Chamber plans to succeed

July 30, 2018

Last week was a big one for the Abilene Chamber of Commerce. On Tuesday, after months of preparation, the Chamber’s Board gathered together with grassroots community members in what is believed to be a precedent-setting exercise.

Led by Chairman-elect Seaton Higginbotham (Arrow Ford), the Chamber-convened discussion focused on three objectives:

1. The introduction of the Collective Impact approach to resolving complex community challenges;

2. Understanding and thinking about Abilene’s brand image;

3. An update for the Board, Executive Committee, newly-elected member representatives and community members on the progress made in our pursuit of the Chamber’s three-year strategic plan, Advantage Abilene.

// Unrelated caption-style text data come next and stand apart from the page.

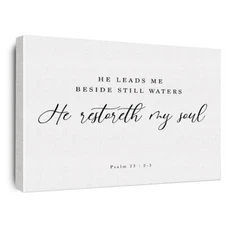 Inspirational Christian Canvas Wall Art 11.5x15 Inch Framed Religious Paintin...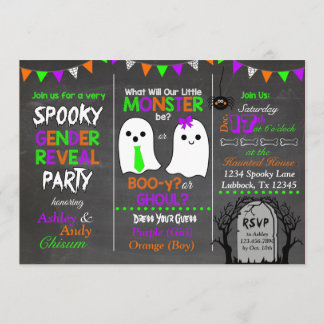 Invitation Le genre de Halloween indiquent l'invitation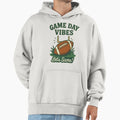 American Football Game Day Vibes Hoodie - Trendy Graphic Men Women - T-Shirt, Sweatshirt, Hoodie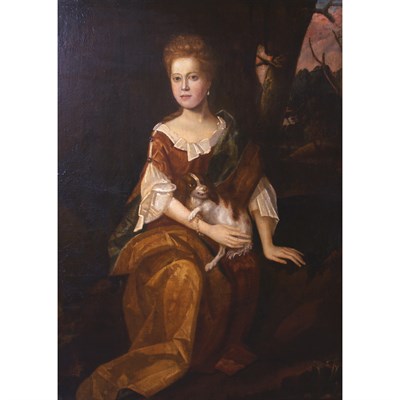 Lot 29 - English School 18th Century Portrait of...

Collective Impact, born from Harvard University, is a relatively new concept in Abilene, but one that has been employed in many successful communities in America for some time now. In short, Collective Impact is a process of aligning the priorities, bringing resources and measuring results of those community organizations, associations, government, churches, neighborhood groups and others who touch the symptoms of a community’s greatest challenges.

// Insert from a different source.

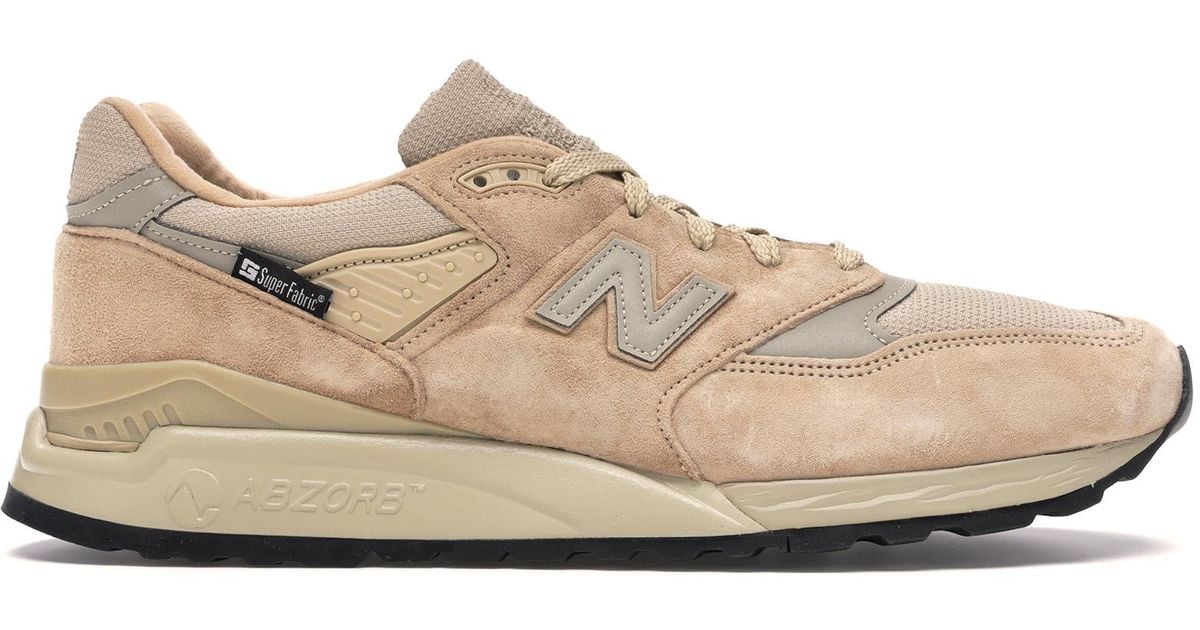 new balance cream and black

With a focus on poverty, jobs and economic development, the discussion was led by Jeff Cohen of the Seattle office of FSG. FSG is the nation’s leading authority on the Collective Impact approach.

When you get a minute, do a quick search of the term Collective Impact. I think you’ll be as enamored with what that process can do for Abilene as the dozens of business, government and grassroots community leaders were on Tuesday.

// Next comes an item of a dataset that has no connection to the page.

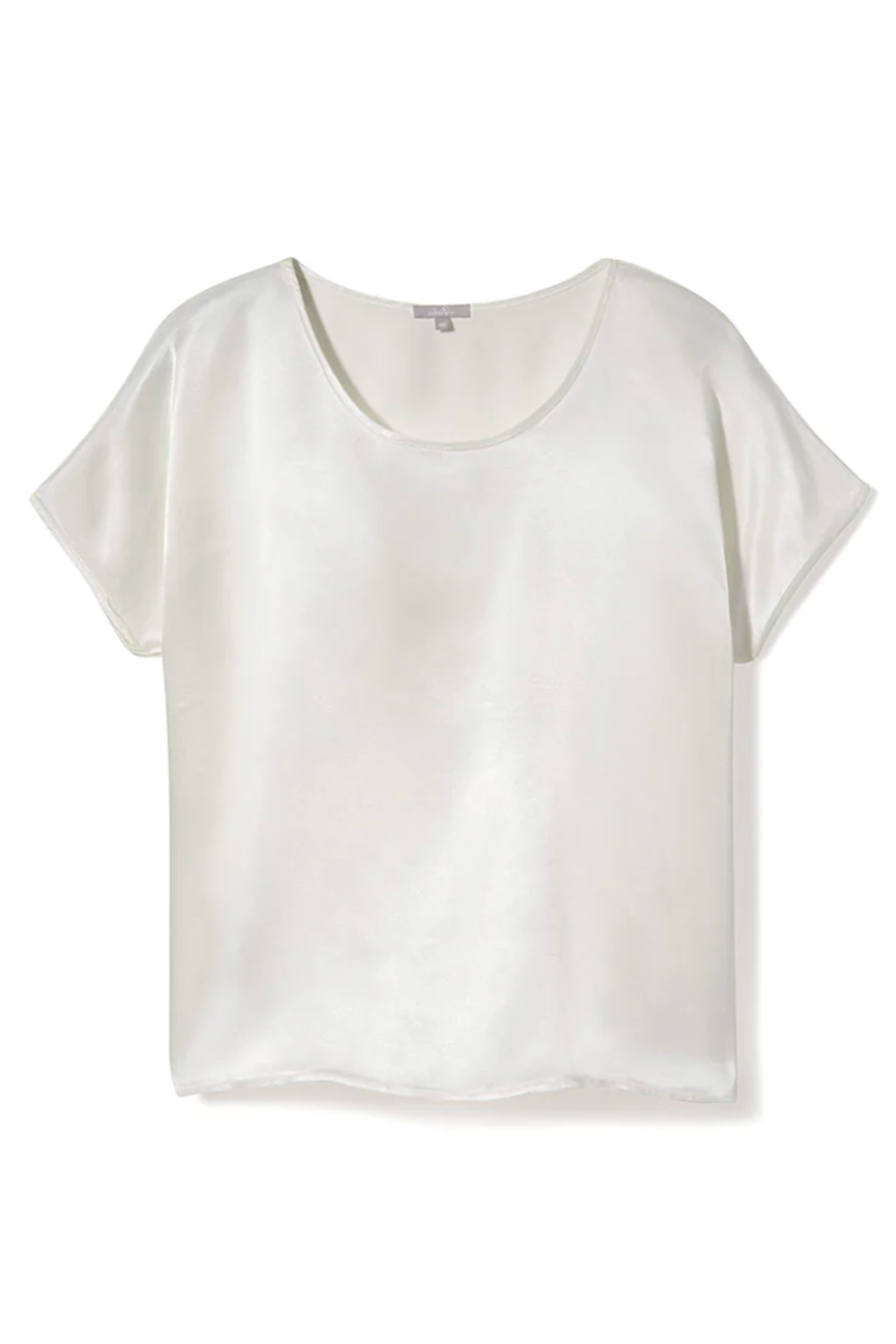 SIDEWALK SALE ITEM - Roxxy Satin Tee - Pearl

Stay tuned for more information about the outcomes of that discussion.

With regard to our community’s brand image, participants were asked to name what immediately comes to mind when the names of Abilene’s peer cities (and economic development competitors) were mentioned. As Abilene’s chief cheerleader, the Chamber is vested in how the world perceives us. We want to put the shine on our City, and be recognized for all that we are.

Led by our own Erica Pangburn, the Chamber’s director of community engagement, we also talked about the words that can be best used to define our own great city. There was a lot of uniform answers to that question – friendly, Storybook Capital – things we all hear frequently. But I heard one idea that really resonated in my mind – we’re a city of makers.

As an education hub, we make people bright.  Through economic development and job creation, Abilene makes folks successful. With an increasing number of creative types, we make things. And with a population determined by grit and tenacity, people make businesses and opportunity come to life. You get the point.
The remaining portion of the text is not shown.